§ **PROVIDED RECORDS**

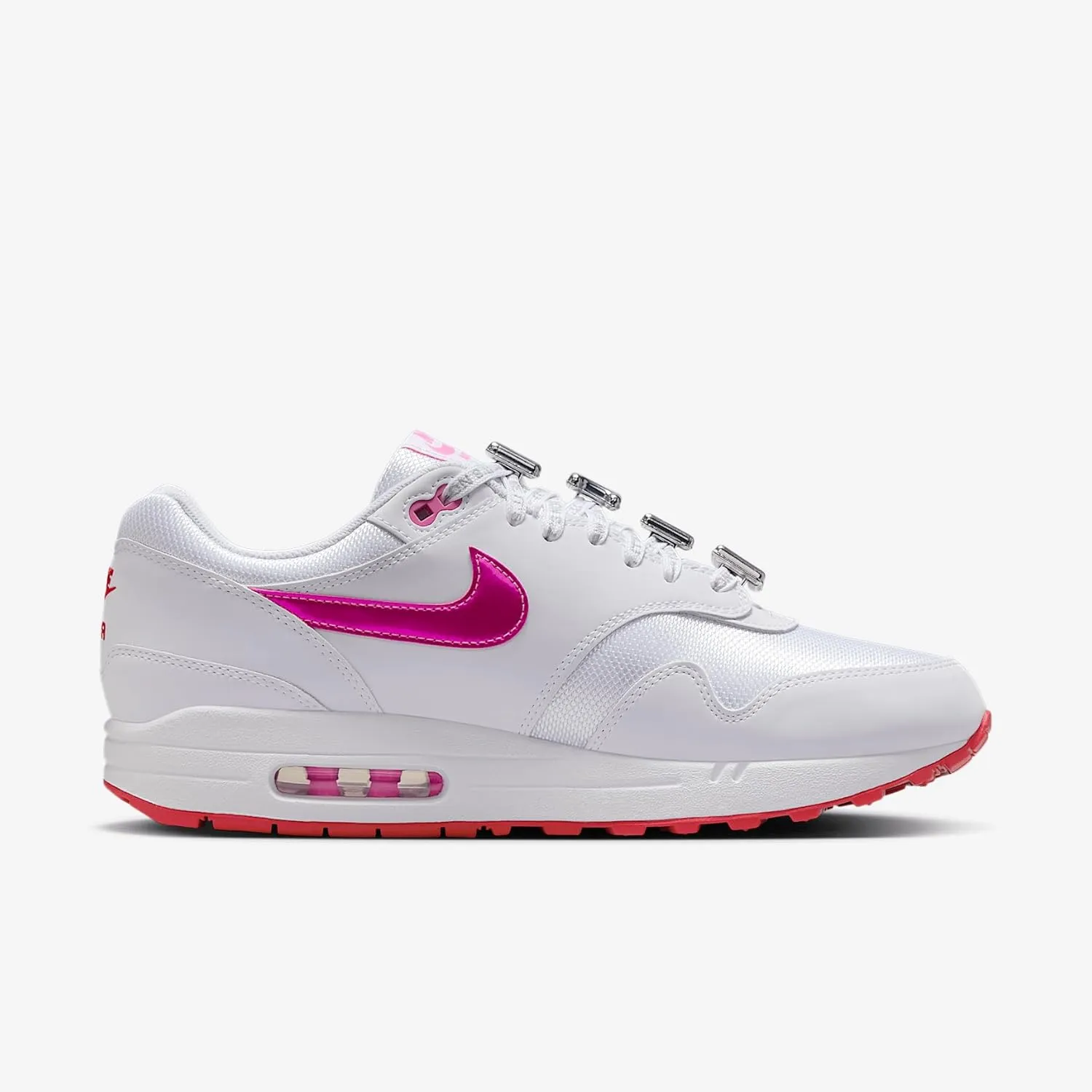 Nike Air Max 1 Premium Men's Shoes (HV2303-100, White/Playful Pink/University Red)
==
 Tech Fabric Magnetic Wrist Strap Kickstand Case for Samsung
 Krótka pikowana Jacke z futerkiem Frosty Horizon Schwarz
--
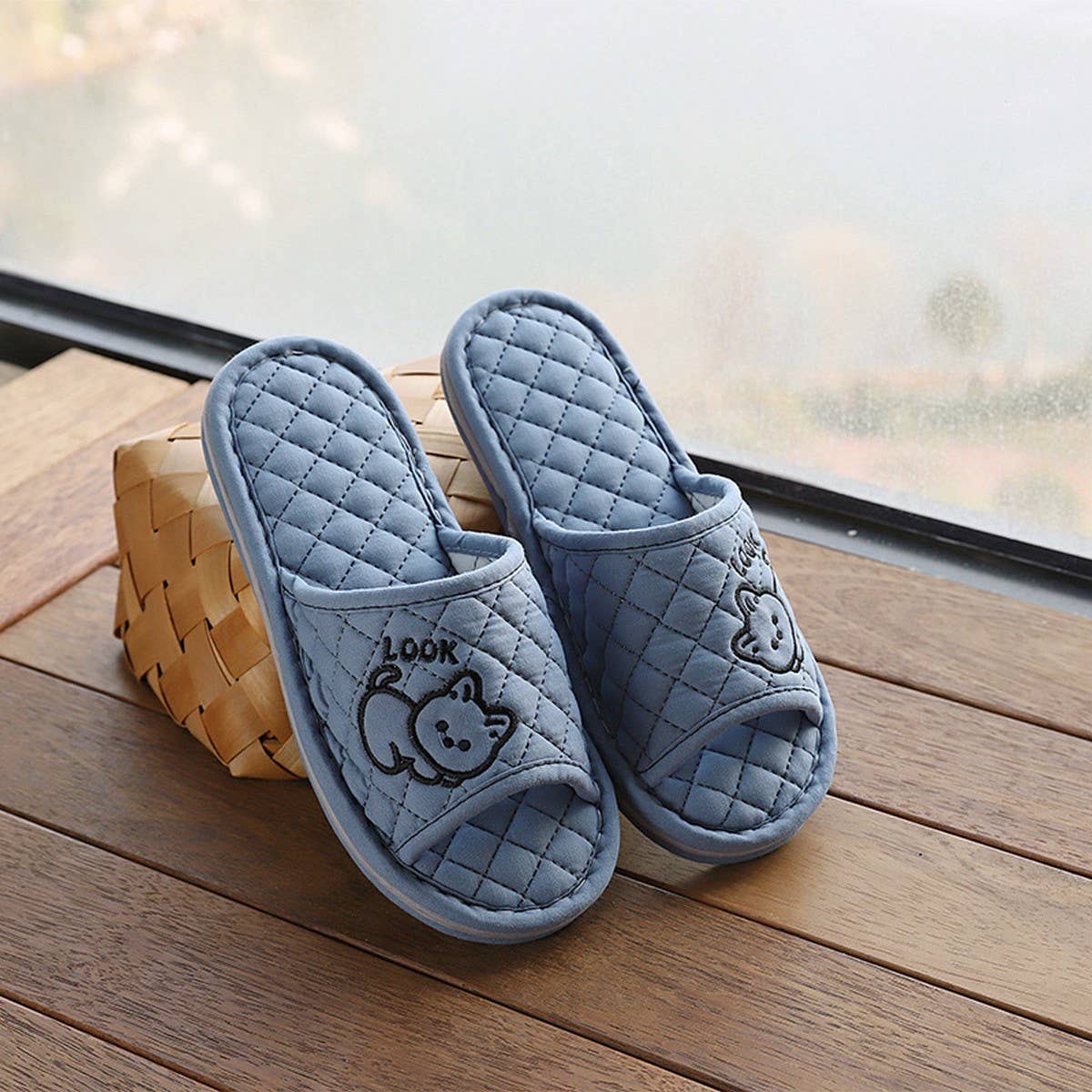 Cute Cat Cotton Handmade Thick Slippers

§ **WORK INSTRUCTION**
Beginning with the line that has "Tech Fabric Magnetic" and ending with the line that has "Krótka pikowana Jacke", set down the lines above exactly and include no others.

§ **EXPECTED ANSWER**
 Tech Fabric Magnetic Wrist Strap Kickstand Case for Samsung
 Krótka pikowana Jacke z futerkiem Frosty Horizon Schwarz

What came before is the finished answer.